__Task to carry out__: Your copy should hold exactly the lines from the one containing "ENGLISH 19TH CENTRY" through the last line of the entries, and no pictures.
Supplied entries START
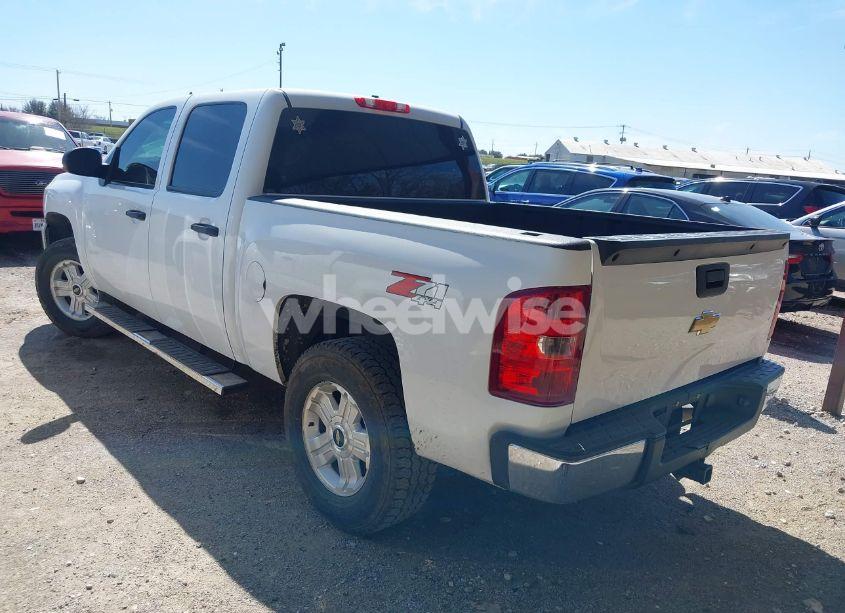 Photo 3 of 2011 Chevrolet Silverado 1500 LT (VIN 3GCPKSE32BG345813)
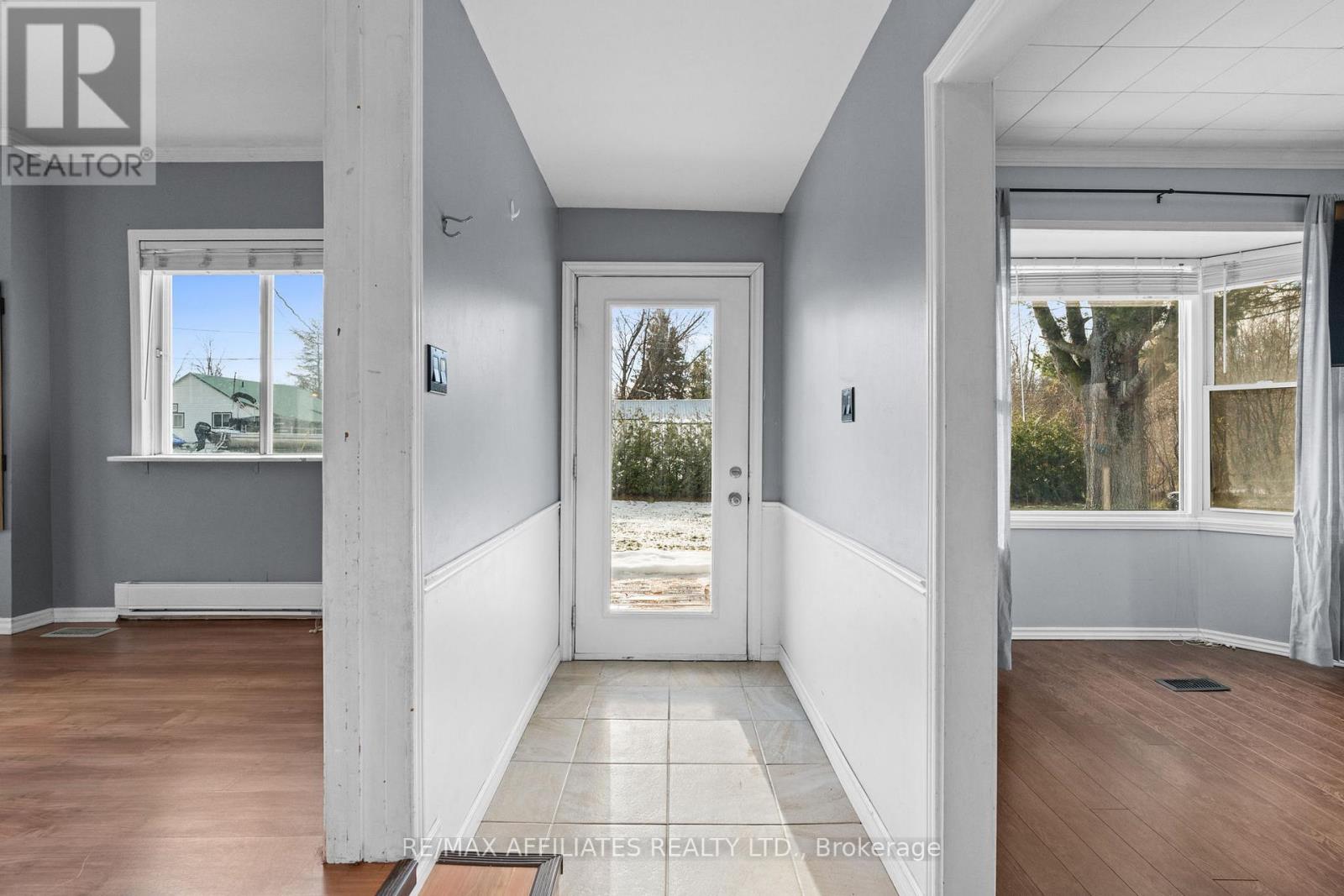 3091 CEDAR BEACH LANE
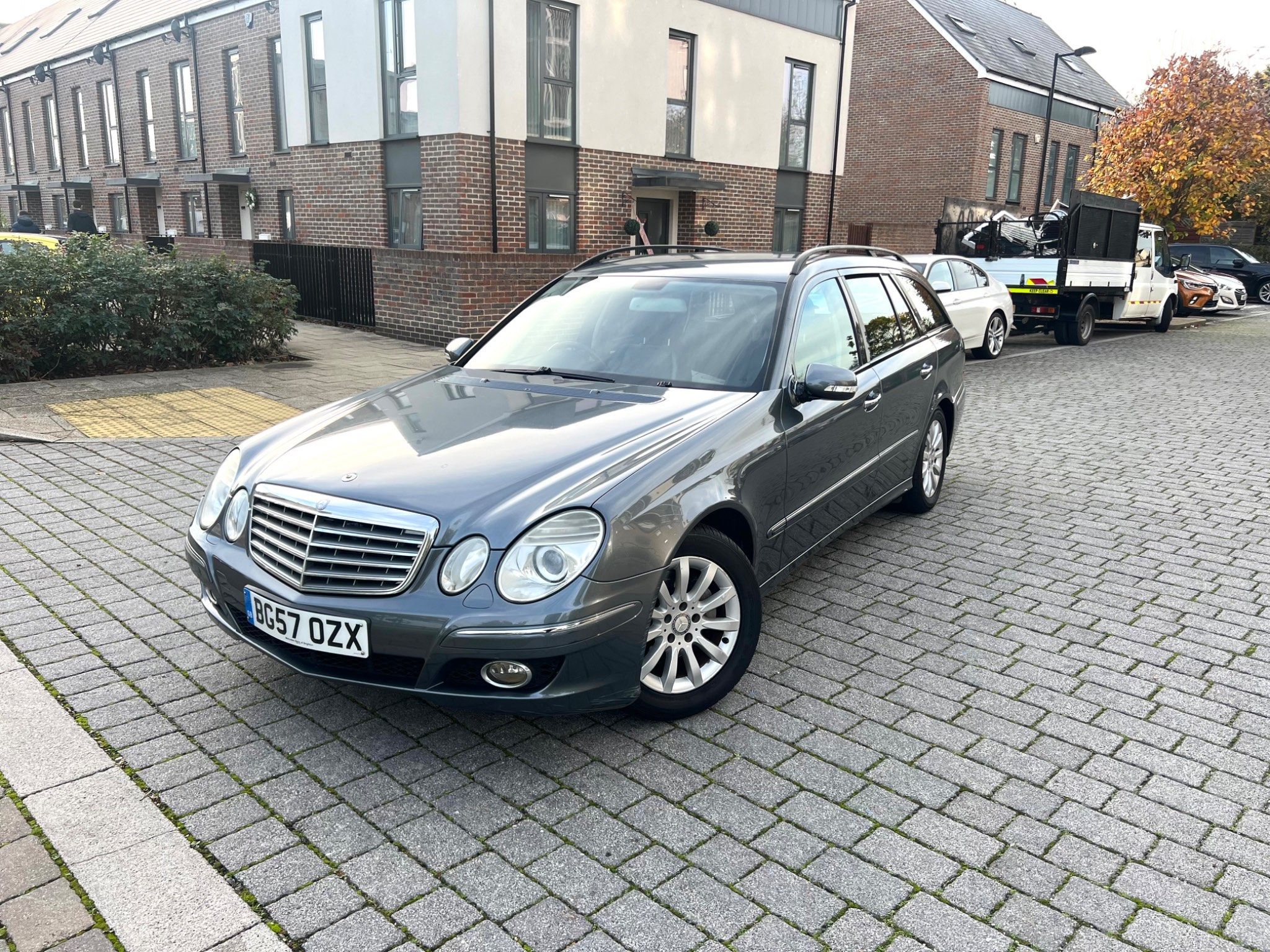 Mercedes-Benz E Class E320 CDI ELEGANCE 5-Door 2007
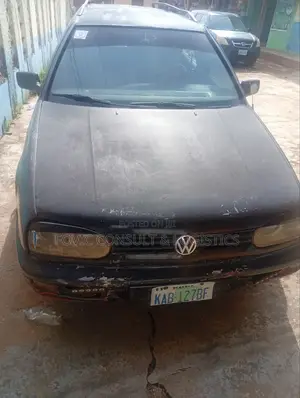 Volkswagen Golf 1999 Black
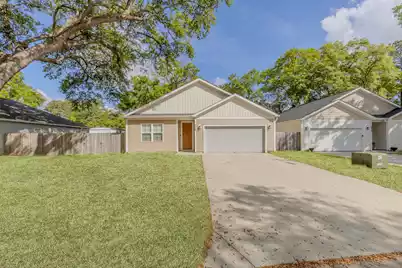 2420 Raymond Avenue, North Charleston, SC 29406 - Photo 1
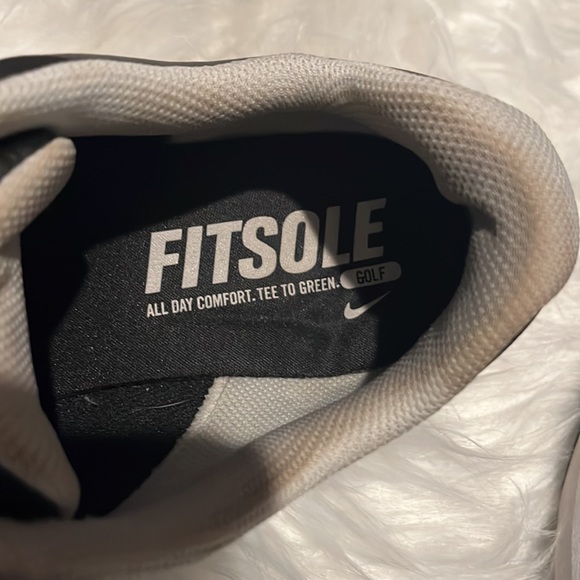 Nike golf cleats/spikes- shoes. Men’s. Size 8.5. - Picture 3 of 3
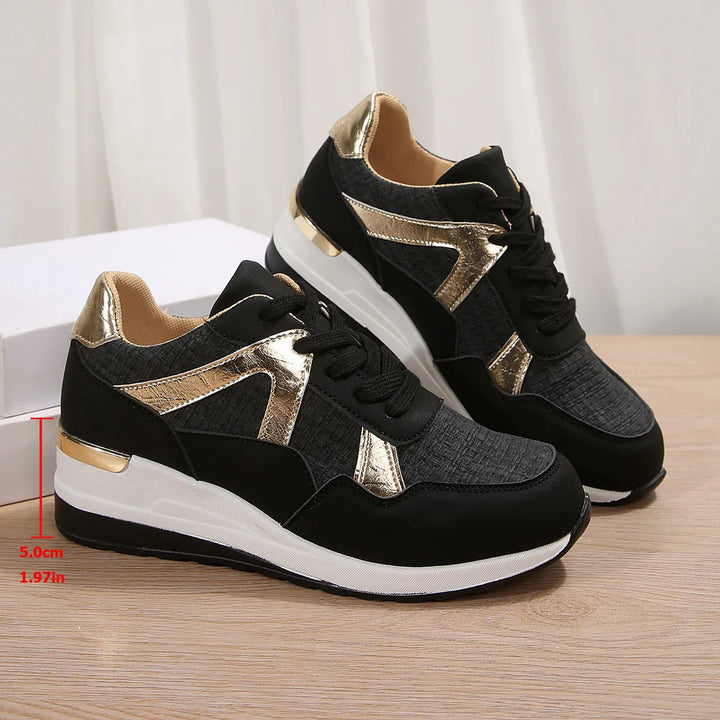 Clara Viento Sneakers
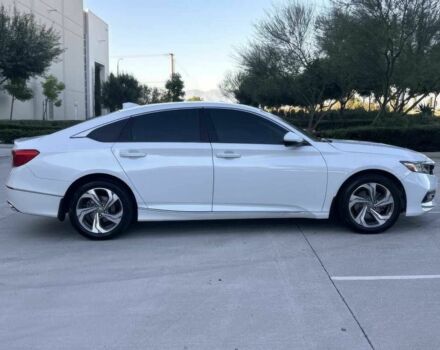 Белый Хонда Аккорд, объемом двигателя 2 л и пробегом 32 тыс. км за 15000 $, фото 6 на Automoto.ua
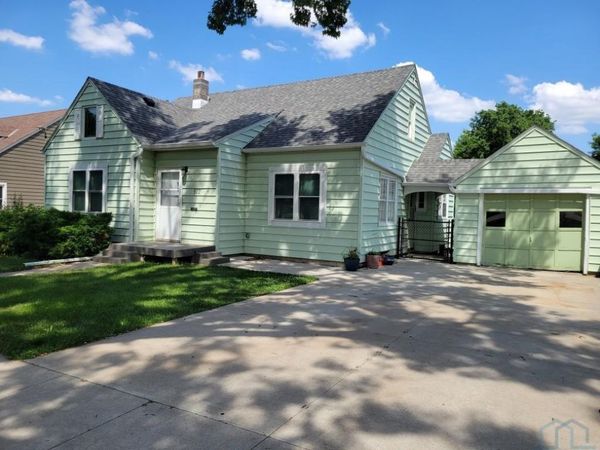 512 S Adams St, Rock Rapids, IA 51246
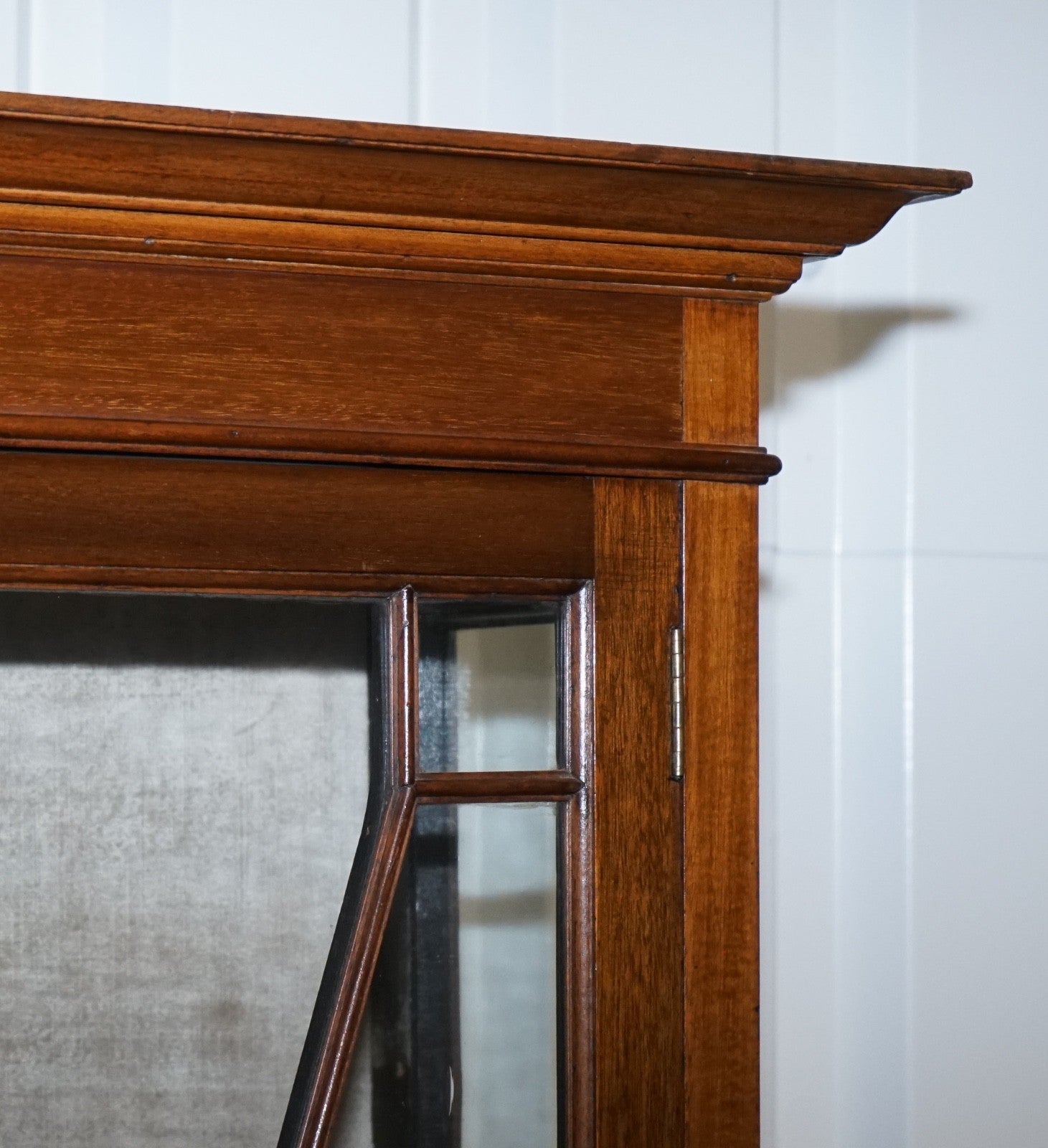 ENGLISH 19TH CENTRY GLAZED DISPLAY CURIO CABINET WITH FIXED SHELVES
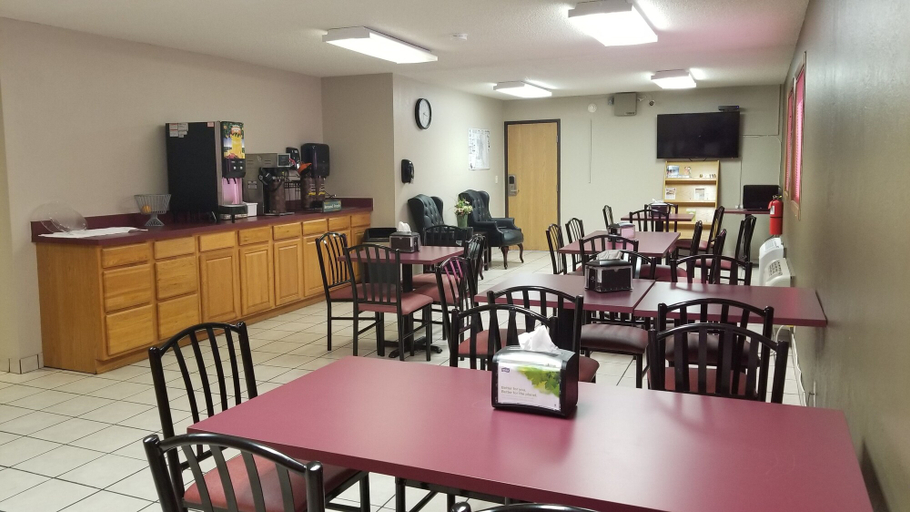 Food & Drinks 5, Super 8 by Wyndham St. Cloud, Stearns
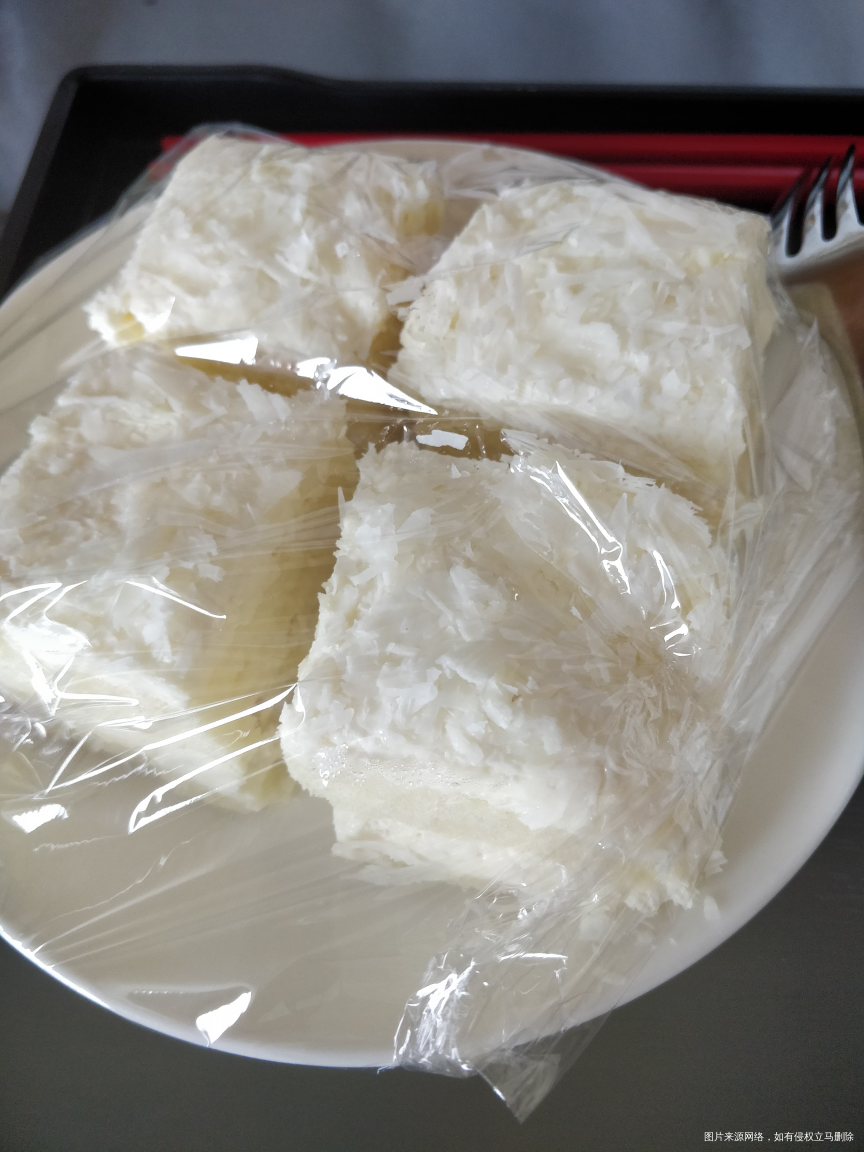 月子中心的点心最喜欢榴莲蛋糕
Supplied entries END
__Task result__:
 ENGLISH 19TH CENTRY GLAZED DISPLAY CURIO CABINET WITH FIXED SHELVES
 Food & Drinks 5, Super 8 by Wyndham St. Cloud, Stearns
 月子中心的点心最喜欢榴莲蛋糕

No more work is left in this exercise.